• [Brief]: Any pictures in the records below must be left out when you repeat the lines from the line containing "京都市南区久世大薮町、マンションの画像です" through the line containing "Schwarz Gebraucht 2023" exactly.

──────────────────────────────

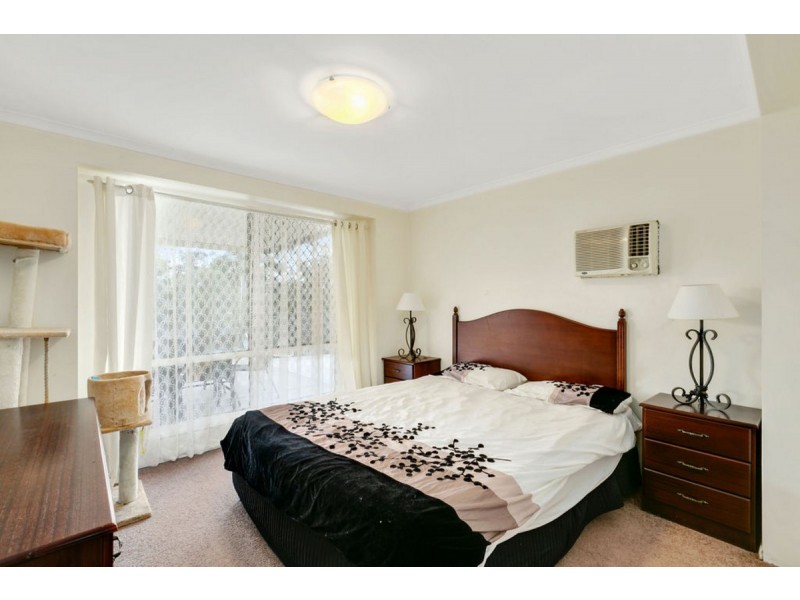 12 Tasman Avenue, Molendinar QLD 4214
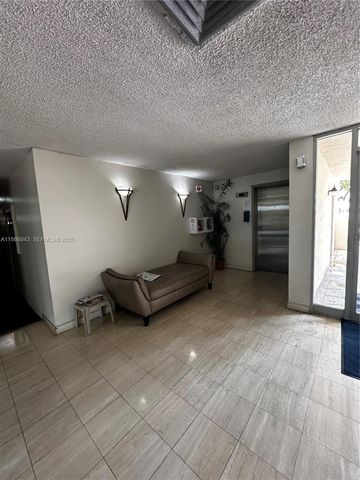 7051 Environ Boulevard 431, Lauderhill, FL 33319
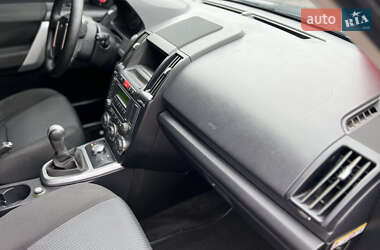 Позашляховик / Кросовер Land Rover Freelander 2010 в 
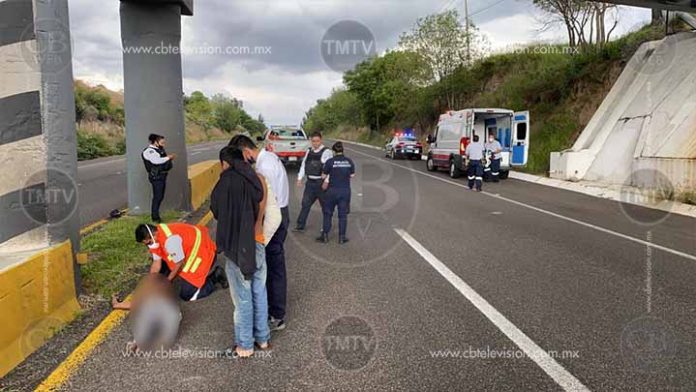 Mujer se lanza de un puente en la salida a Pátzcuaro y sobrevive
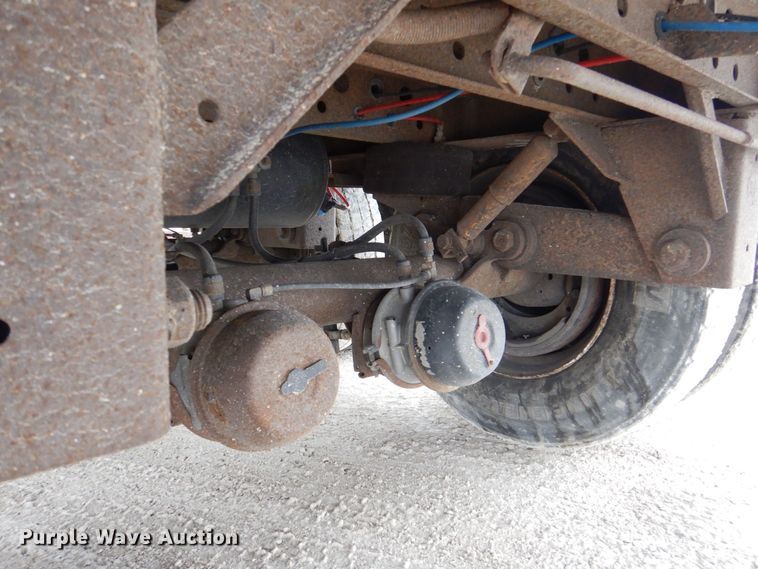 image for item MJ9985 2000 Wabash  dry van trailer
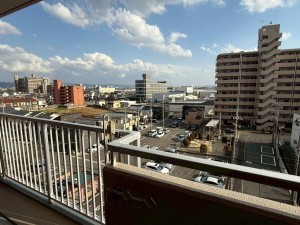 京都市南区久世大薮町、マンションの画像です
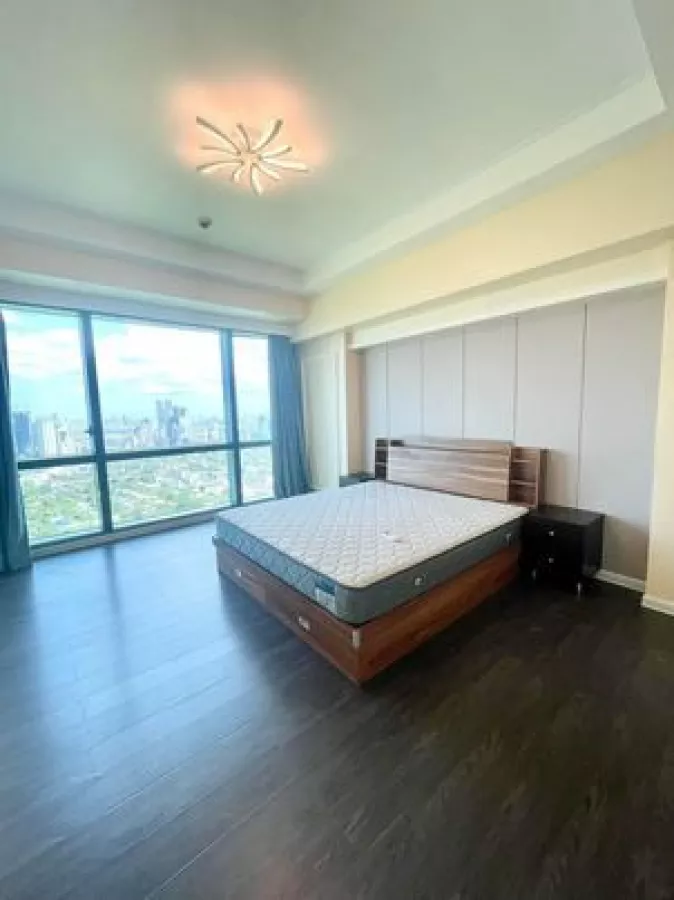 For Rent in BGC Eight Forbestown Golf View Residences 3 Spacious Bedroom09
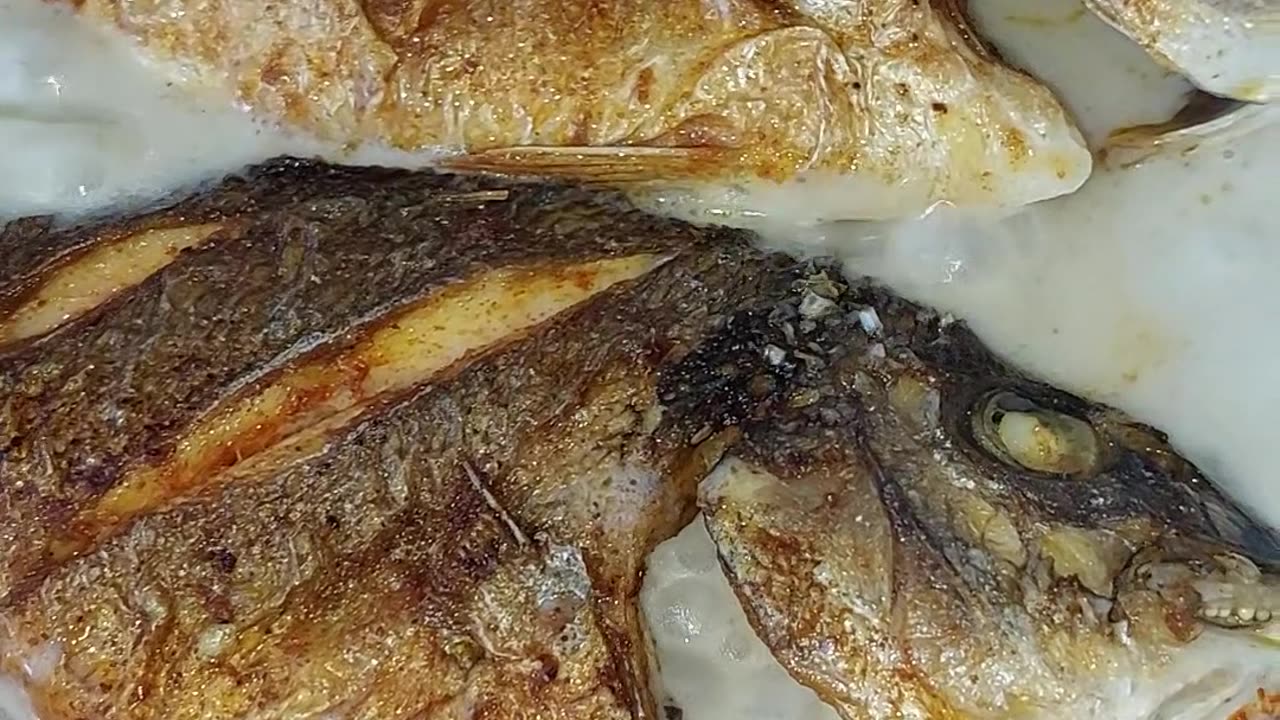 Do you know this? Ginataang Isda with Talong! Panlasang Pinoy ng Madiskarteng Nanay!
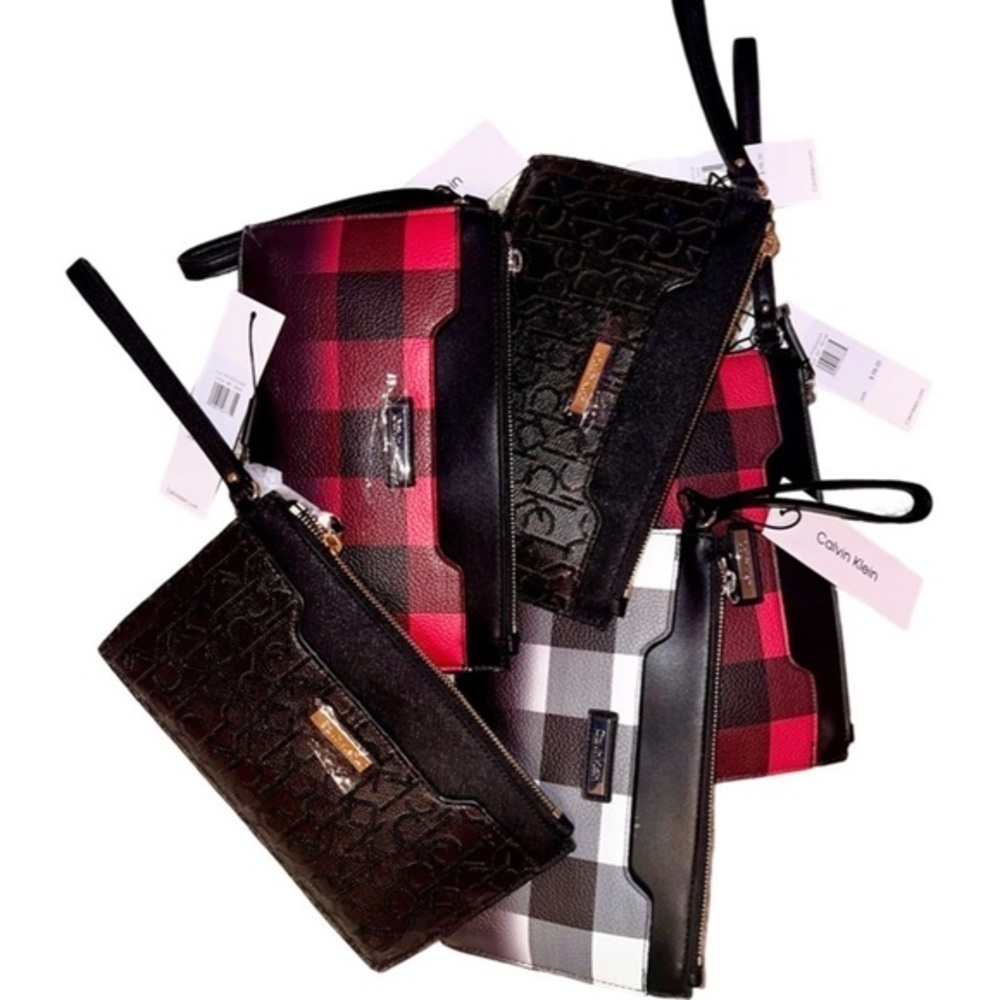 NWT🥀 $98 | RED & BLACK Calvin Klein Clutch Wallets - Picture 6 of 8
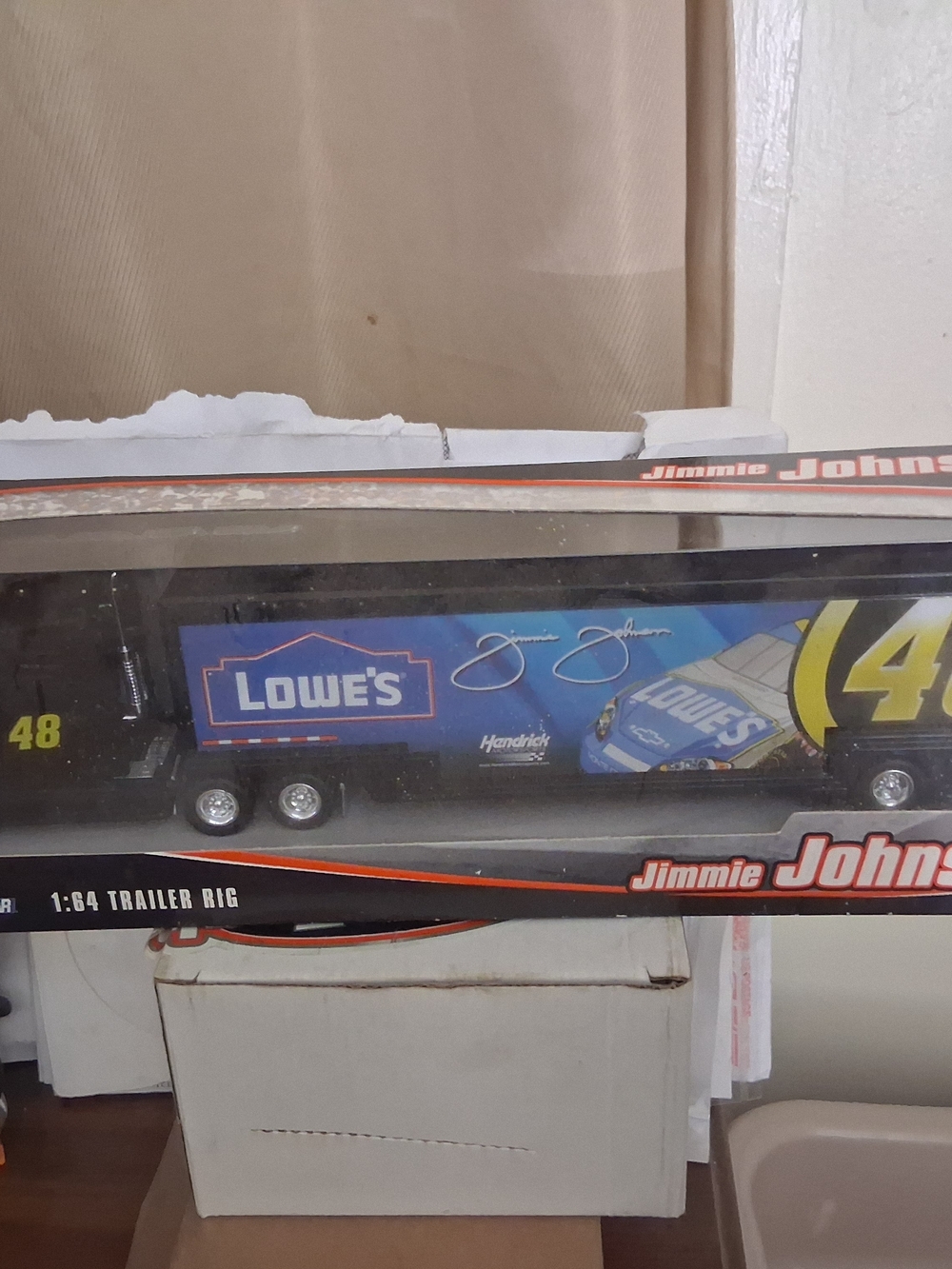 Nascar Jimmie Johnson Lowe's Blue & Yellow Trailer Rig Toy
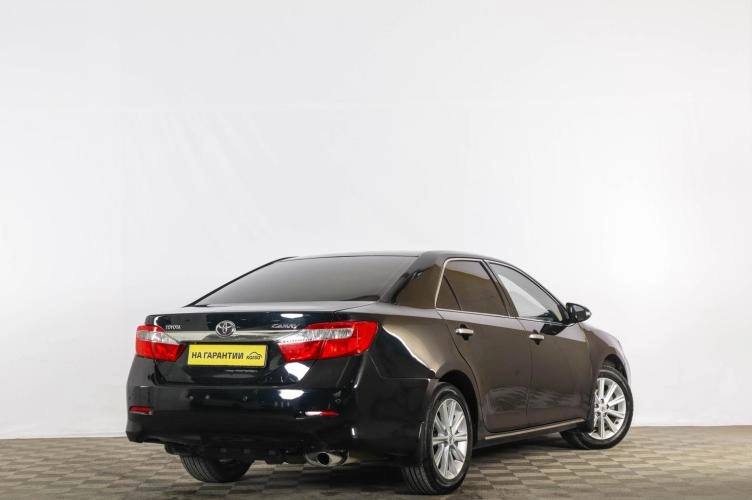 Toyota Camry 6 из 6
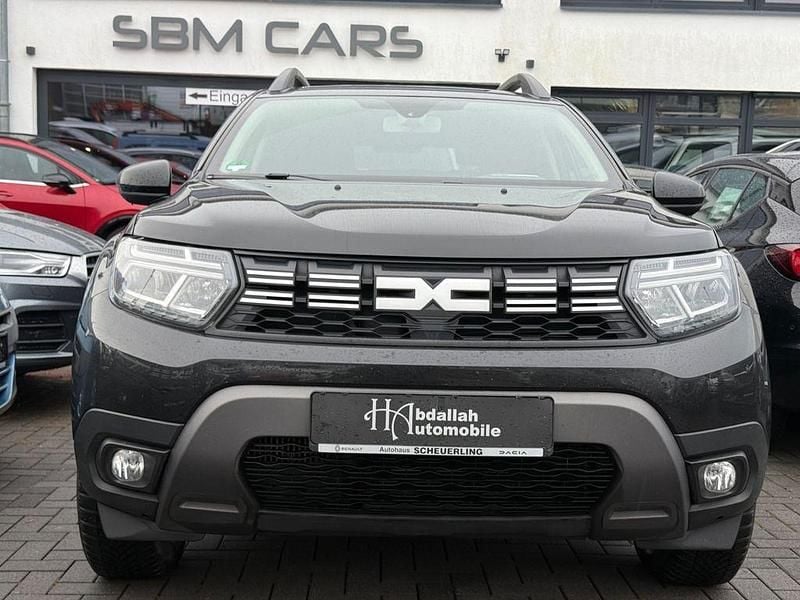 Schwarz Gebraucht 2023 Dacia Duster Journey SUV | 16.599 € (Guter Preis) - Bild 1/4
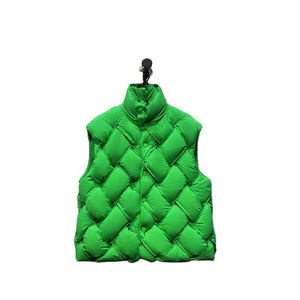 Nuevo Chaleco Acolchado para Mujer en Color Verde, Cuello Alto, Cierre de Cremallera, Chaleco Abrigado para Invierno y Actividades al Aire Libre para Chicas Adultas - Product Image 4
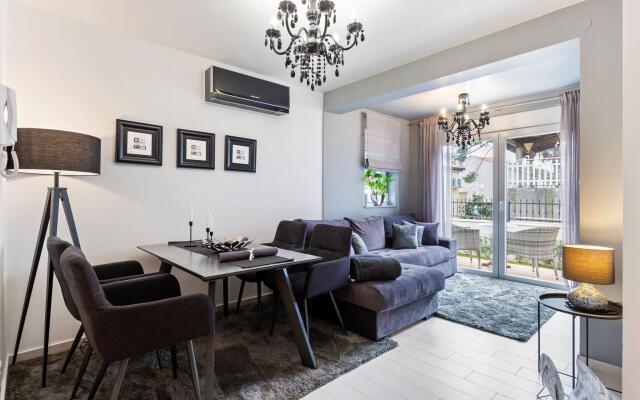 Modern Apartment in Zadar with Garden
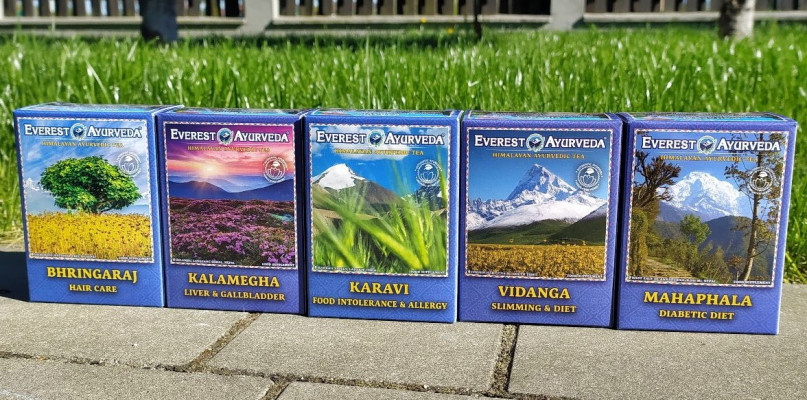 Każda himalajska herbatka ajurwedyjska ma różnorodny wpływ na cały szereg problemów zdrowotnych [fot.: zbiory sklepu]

──────────────────────────────

• [Output]:
 京都市南区久世大薮町、マンションの画像です
 For Rent in BGC Eight Forbestown Golf View Residences 3 Spacious Bedroom09
 Do you know this? Ginataang Isda with Talong! Panlasang Pinoy ng Madiskarteng Nanay!
 NWT🥀 $98 | RED & BLACK Calvin Klein Clutch Wallets - Picture 6 of 8
 Nascar Jimmie Johnson Lowe's Blue & Yellow Trailer Rig Toy
 Toyota Camry 6 из 6
 Schwarz Gebraucht 2023 Dacia Duster Journey SUV | 16.599 € (Guter Preis) - Bild 1/4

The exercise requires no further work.